親として「なんとかしてあげたい!」と思う気持ちは自然なことです。
しかし、よかれと思ってする行動が、かえって子どもの心を傷つけたり、自立心を阻害したりすることもあります。
特に注意してほしいのが、「無理に他の子と遊ばせようとすること」です。
これは、多くの保育士が口を揃えて言うことで、YouTubeやSNSで大人気のてぃ先生も同じことを言っていました。
プロの保育士が共通して大切にしている考え方なのです。
【事例】一人遊びから集団遊びに発展する理想的なケース
子どもが一人で砂遊びに没頭している姿を想像してみてください。
黙々と山を作ったり、トンネルを掘ったり…。このとき、親が「〇〇くんも一緒に遊ぼう!」「〇〇君と一緒に遊んだら?」と無理に声をかけたらどうなるでしょうか。
せっかくの集中が途切れてしまい、子どもは「自分のやりたいことを邪魔された」と感じてしまうかもしれません。
しかし、親が温かく見守ることで、その楽しそうな姿に周りの子どもたちが自然と興味を示し、「ねえ、何してるの?」と話しかけてくることがあります。
子どもが一人で始めた砂遊びが、いつの間にか「みんなで大きな山を作ろう!」という集団遊びへと発展する。
これは、子どもが「自分のやりたいこと」を軸に、自然な形で人との関わりを広げていく、理想的なプロセスです。
無理に集団遊びの輪に入れるのではなく、まずは子どもの「好き」を尊重して見守ること。それが、結果的に子ども自身の力で友だちとの繋がりを築くことにつながります。
家庭でできる【さりげない】サポート5選

無理に友だちと遊ばせるのではなく、「関わり方の幅を広げる」ようなサポートが効果的です。
①興味の幅を広げる遊びに誘う
室内遊びが好きなら、たまには公園へ。
砂場や遊具、虫取りなど、新しい世界に触れることで、遊びの質や、他者との自然な関わり方も変わってきます。

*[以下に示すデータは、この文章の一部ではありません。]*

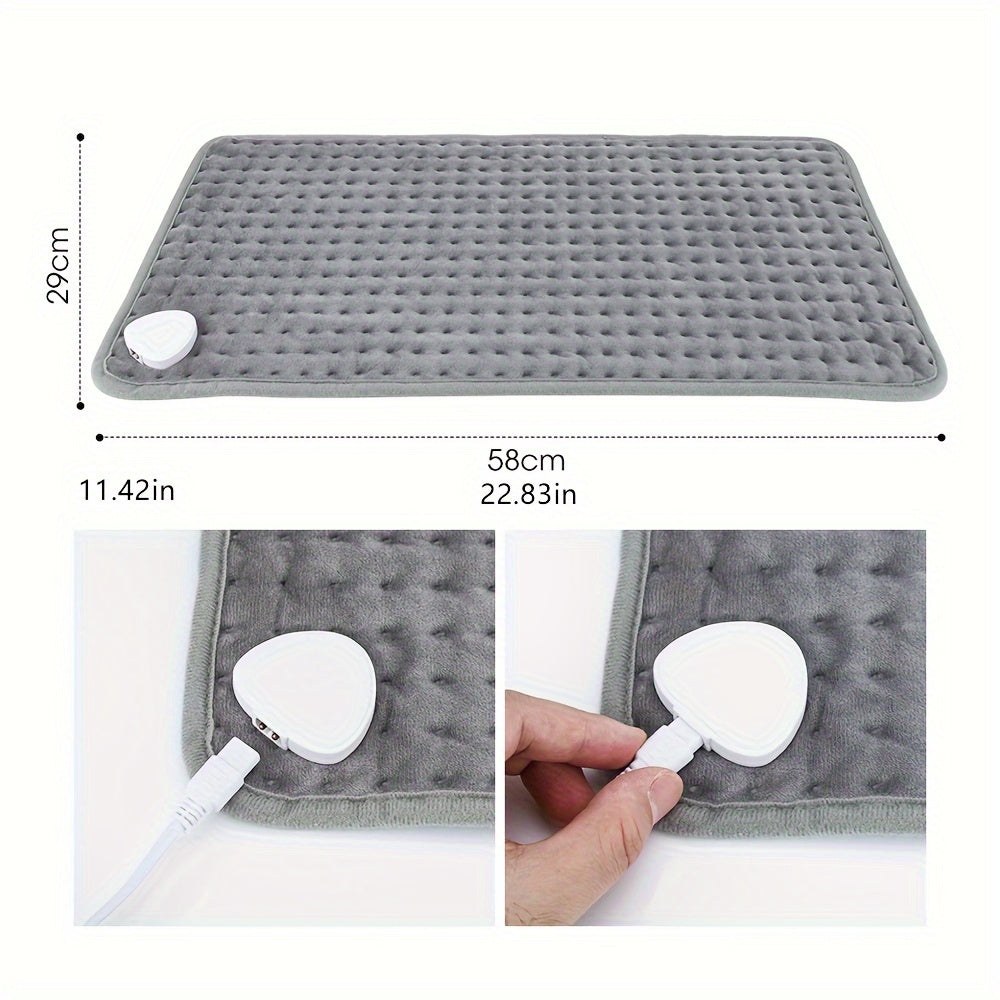 LoungeYard | Electric Blanket Flannel Heated Timer Safety Throw — product view 7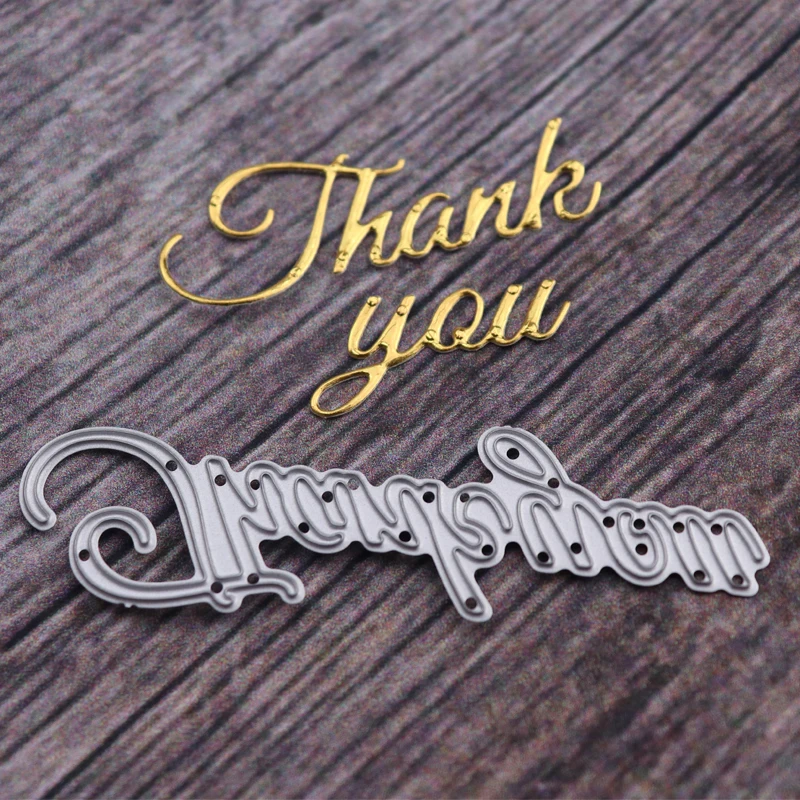 Thank You высечки штампов металла резки штампы Крафтовая окраска трафареты для DIY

図鑑や絵本を通じて好奇心を刺激するのも良いでしょう。
②まずは大人が最高の遊び相手になる
まずはママ・パパが遊び相手になり、会話のキャッチボールを体験させてあげましょう。
トランプやボードゲーム、キャッチボールなど、ルールのある遊びを通して「人と関わる楽しさ」を身近な場所で学ぶことができます。
③少人数の関わりからスタートする
いきなり多くの友だちの輪に入るのが苦手な子もいます。
まずは兄弟や親戚、近所の仲良しの親子など、1〜2人と関わる機会を大切にしましょう。
相手が年下や年上でも構いません。安心できる環境で関わる経験を積み重ねていくことが大切です。
④習い事や自然な集まりに参加してみる
子どもが興味を持っている分野の習い事や、公園あそびのサークルなどに参加してみるのも良いでしょう。
共通の興味がある子どもが集まる場なら、自然と会話が生まれやすくなります。ただし、あくまで「本人がやりたい」と思う習い事を選ぶのが大前提です。
⑤子どもの個性を【心から】認める声かけを
「一人遊びできるって、すごい集中力だね」「じっくり考えられるのは、あなたの素敵なところだね」など、一人でいる時間を楽しんでいる姿を心から認める言葉をかけてあげましょう。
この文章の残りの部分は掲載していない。